- Genre: Video game development
- Inaugurated: December 2010
- Website: Event website

= Indie Games Uprising =

The Indie Games Uprising is a developer led event designed to promote the "best of the best" Xbox Live Indie Games. The promotion was originally conceived by Robert Boyd of Zeboyd Games and Ian Stocker of MagicalTimeBean, when they noticed that they both had games coming out in the same time frame.

==Promotions==
===Indie Games Winter Uprising===
The first Indie Games Uprising launched in December 2010. The promotion was curated by developers Robert Boyd and Ian Stocker. Notable releases include Cthulhu Saves the World, Soulcaster II, Decimation X3 by Xona Games, and ZP2KX: Zombies & Pterodactyls! by Ska Studios. Boyd reported "spotty results" from the promotion, and cited developer's inability to set release dates on their games as a major issue. Shortly after the promotion, Microsoft allowed developers to select release dates for their games.

===Indie Games Summer Uprising===
Journalist Dave Voyles and Indie Games Winter Uprising developer Kris Steele of Fun Infused Games coordinated the second Indie Games Uprising. The Indie Games Summer Uprising opened up game submissions to the public, and were then narrowed down through rounds of voting. The Summer Uprising launched on August 22, 2011, and released one title daily from Monday through Friday. While developers reported a varying range of sales, Cute Things Dying Violently sold over 10,000 copies in its first month of release.

===Indie Games Uprising III===
The Indie Games Uprising III, scheduled to start on September 10, 2012, was curated by developer Michael Hicks and Summer Uprising coordinator Dave Voyles. Hicks expressed his interest in another promotion after he noticed a number of "exciting" games would be released around the same time as his own title Sententia. Notable games include Gateways by the creator of The Adventures of Shuggy, and qrth-phyl from hermitgames, developer of the critically acclaimed Leave Home.

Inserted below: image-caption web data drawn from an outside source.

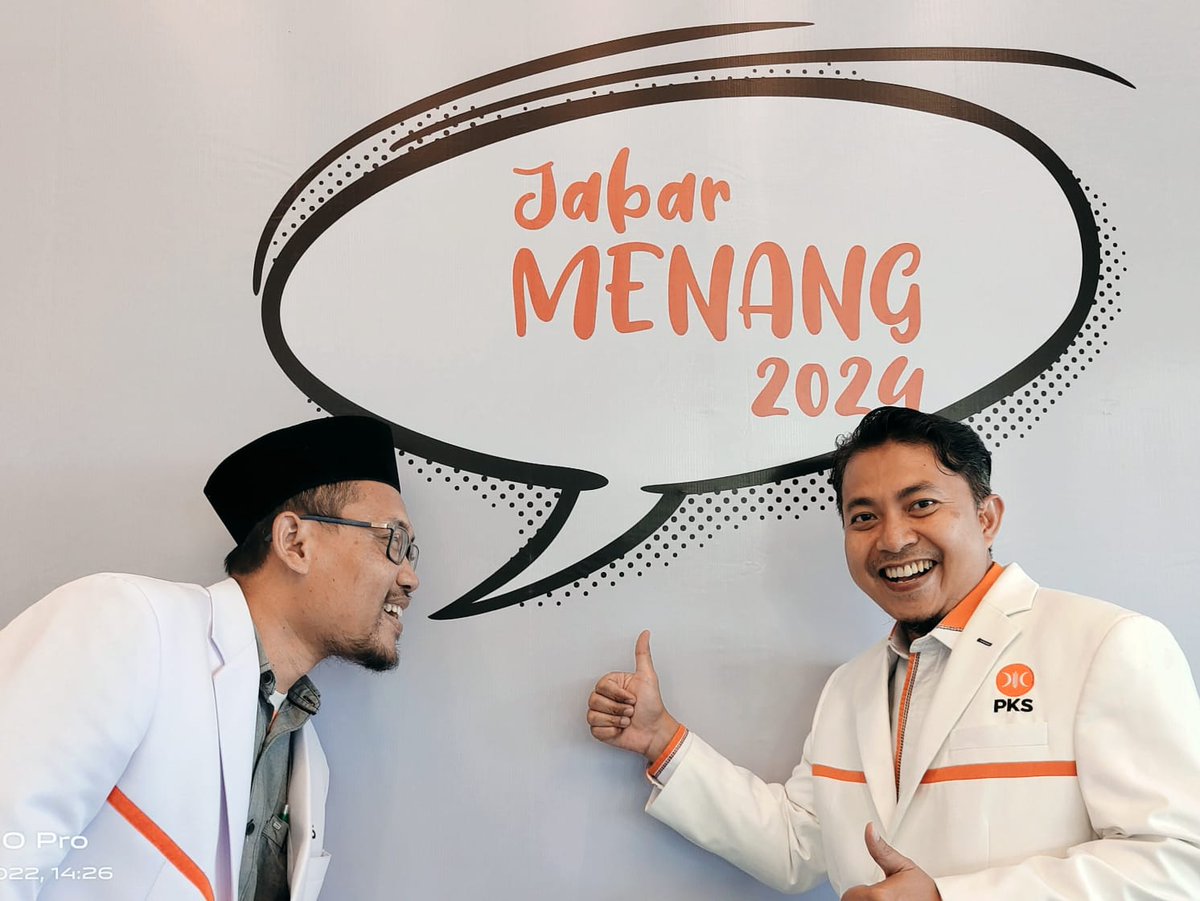 RoniSetiawanCKJ's tweet photo. Insya Allah dengan kolaborasi melayani... @pksdigitalrace
#Milad20PKS 
#PKSMajalengka https://t.co/NcJ47QaOeS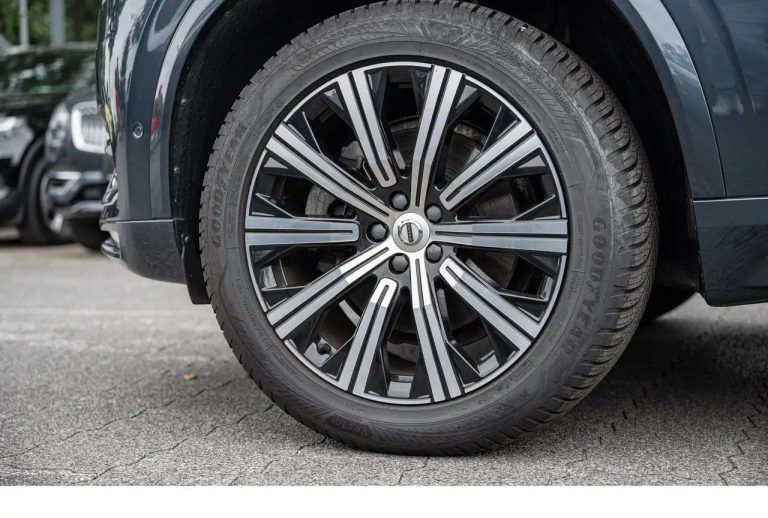 Volvo XC90 B5 AWD Plus Bright - photo 6
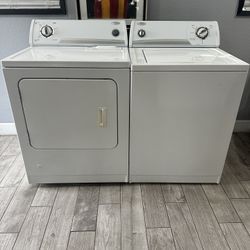 Whirlpool washer And Gas Dryer 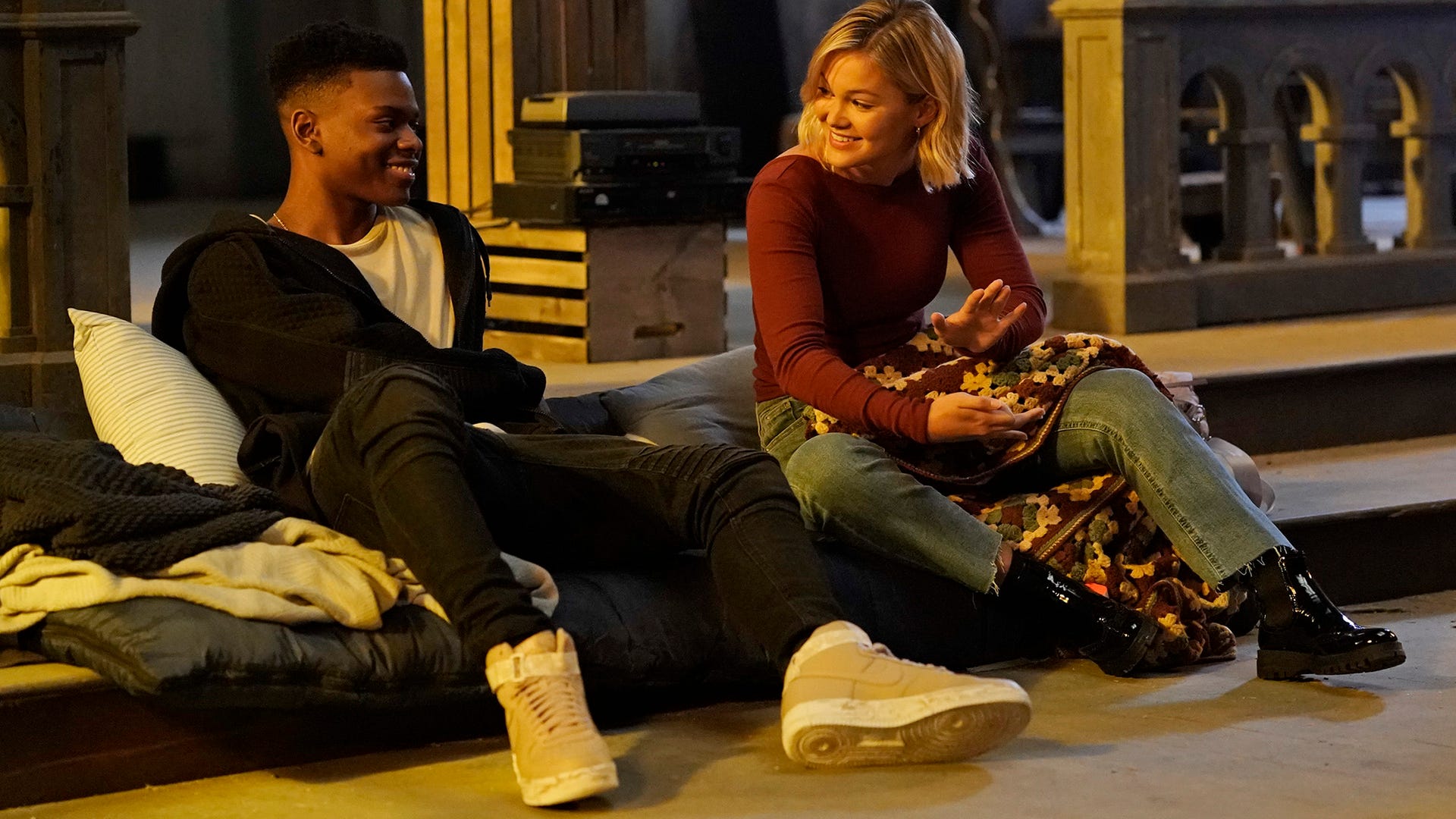 Olivia Holt &Amp; Joseph Aubrey From Cloak &Amp; Dagger Wallpapers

=== Indie Games Uprising Tribute ===
Launched on September 28, 2015, the Uprising aimed to highlight developers who started their careers on Xbox Live Indie Games or gained something from publishing on the channel. Multiple games from previous Uprisings are featured, along with former XBLIG developers that are working on new projects for Xbox One, PlayStation 4 and Wii U.

==List of games==

| Promotion | Game | Developer |
| Winter Uprising | Soulcaster 2 | MagicalTimeBean |
| Cthulhu Saves the World | Zeboyd Games |
| Radiangames Crossfire 2 | Radiangames |
| Chu's Dynasty | Tribetoy |
| Alpha Squad | Dragon Divide |
| Epic Dungeon | eyehook |
| Break Limit | Xalterax |
| Decimation X3 | Xona Games |
| Asteroids Do Concern Me | Evil Robot Logic |
| Hypership Out of Control | Fun Infused Games |
| Aphelion Episode Two: Wings of Omega | lunatic studios |
| ZP2KX: Zombies & Pterodactyls! | Ska Studios |
| Ubergridder | Zendarion |
| Rickenbacker vs. the Aliens | Smokinskull |
| Summer Uprising | Raventhorne | Milkstone Studios |
| Battle High: San Bruno | Mattrified |
| Cute Things Dying Violently | ApathyWorks |
| SpeedRunner HD | DoubleDutch Games |
| Take Arms | Discord Games |
| T.E.C. 3001 | Phoenix Game Studio |
| Train Frontier Express | Team Train Frontier |
| Doom and Destiny | Heartbit Interactive |
| Chester | Brilliant Blue-G |
| Redd: The Lost Temple | Blazing Forge Games |
| Uprising III | qrth-phyl | hermitgames |
| Sententia | MichaelArts |
| Diehard Dungeon | tricktale |
| Gateways | Smudged Cat Games |
| Smooth Operators | Andreas Heydeck |
| Entropy | Autotivity |
| City Tuesday | Chris Zukowski |
| Xenominer | Gristmill Studios |
| Pixel | Ratchet Game Studios |

==Support==
Though not officially involved, Microsoft has supported the Indie Games Uprisings with front page dashboard promotions on Xbox Live.